His silver eyes were dimmer now, almost normal. The song had released him. The hunger had let him go. He was just a man again. Tired. Confused. Grateful.
“It’s over,” he said.
“For now.”
“Will it come back?”
Mira was silent for a long moment.
“The door is closed. The song is silent. The hunger is sleeping. But nothing lasts forever.”
“So we watch.”
“So we wait.”
“So we hope.”
She nodded.
“So we hope.”
Captain Theron called a briefing.
The senior staff gathered in the conference room — Mira, Zander, Jax the engineer, Elara the medic.
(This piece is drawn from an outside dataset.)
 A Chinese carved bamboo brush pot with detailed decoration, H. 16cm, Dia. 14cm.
Their faces were pale, their eyes tired, their hands steady.
“The signal is gone,” Theron said. “The sleepers are stable. The ships are responding to hails.”
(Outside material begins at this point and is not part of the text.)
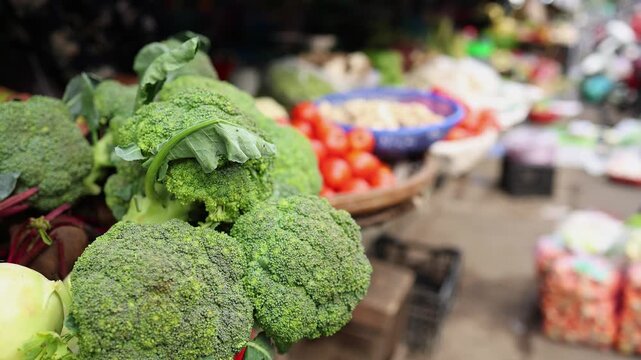 Close-up of fresh green broccoli heads and vegetables displayed on a stall at Xom Moi Market in Nha Trang, Vietnam. Commercial food supply, local greengrocer and retail trade concept.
“What about the ones who woke?” Elara asked.
“They’re confused. Scared. Grateful. They remember the song, but they don’t understand it. They remember the hunger, but they can’t explain it.”
“Will they recover?”
Theron was silent for a long moment.
“Some will. Some won’t. The song changed them. The hunger marked them. They will never be the same.”
Jax leaned forward.
“What about the first dreamer? What about Mira’s grandmother?”
Mira looked at him.
“She’s gone. She became part of the door. Part of the song. Part of the hunger.”
“Is she dead?”
Mira was silent for a long moment.
“She’s not dead. She’s not alive. She’s between. She has always been between.”
“Will we see her again?”
“Every time we dream. Every time we hope. Every time we love.”
The briefing ended.
Mira walked back to her lab.
The screens were dark. The speakers were silent. The instruments were still.
She sat at her console.
She closed her eyes.
She listened.
The silence was absolute.
No signal. No song. No hunger.
Just peace.
She opened her eyes.
Zander stood in the doorway.
“What will you do now?” he asked.
She looked at the stars.
At the light.
At the future.
“I’ll watch. I’ll wait. I’ll hope.”
“And if the song returns?”
She smiled.
It was a real smile, warm and bright and full of love.
“Then I’ll be ready.”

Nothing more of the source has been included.